UPS Keeps Marathon on Its Feet

Keeping a world-class marathon up and running in today's digital age requires more than a good supply of bottled water and sports drinks. Take the LaSalle Bank Chicago Marathon, for example. This event hosts more than 40,000 runners a year, and spectators can track their favorite competitors via the web, thanks to microchips located in each runner's shoe.
By Staff March 1, 2004

Keeping a world-class marathon up and running in today’s digital age requires more than a good supply of bottled water and sports drinks. Take the LaSalle Bank Chicago Marathon, for example. This event hosts more than 40,000 runners a year, and spectators can track their favorite competitors via the web, thanks to microchips located in each runner’s shoe. Keeping all this data straight requires a lot of time and energy on the part of staff and volunteers, and a computer network they can count on to operate without interruption or failure.
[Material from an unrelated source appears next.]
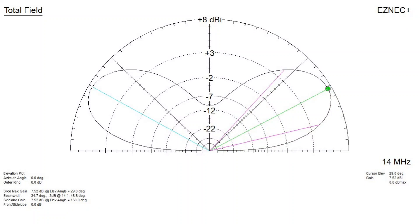Let's look at the half-wavelength case. The elevation with maximum power is at 29 degrees. The beam width between the minus-3 dB points is pretty wide, covering 14.1 degrees up to 48.8 degrees — plus the same on the other side. That's a fairly good elevation slice, covering a 34.7-degree beam width pretty well.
Reliability is crucial for at least a week before the event, as course and participant data is entered and checked. Receivers are set up at a number of locations throughout Chicago to capture information on each runner’s progress as they pass by. In the 2003 race, two servers were required to meet organizers’ needs. And to make sure those servers stayed on their feet through any potential power-quality problems, two uninterruptible power supply (UPS) systems were specified.

A single UPS could have served both servers, but redundancy was seen as a crucial component to guaranteeing event success. The servers both had dual power-supply connections, so connecting both servers to both UPS units gave organizers confidence their system wouldn’t stumble.

In the end, the marathon ran smoothly, without any surges or sagsā€”at least in the power supply. However, with the eyes of the nation’s third-largest city on them, organizers knew they had the backup they needed to meet whatever bumps were encountered on the road.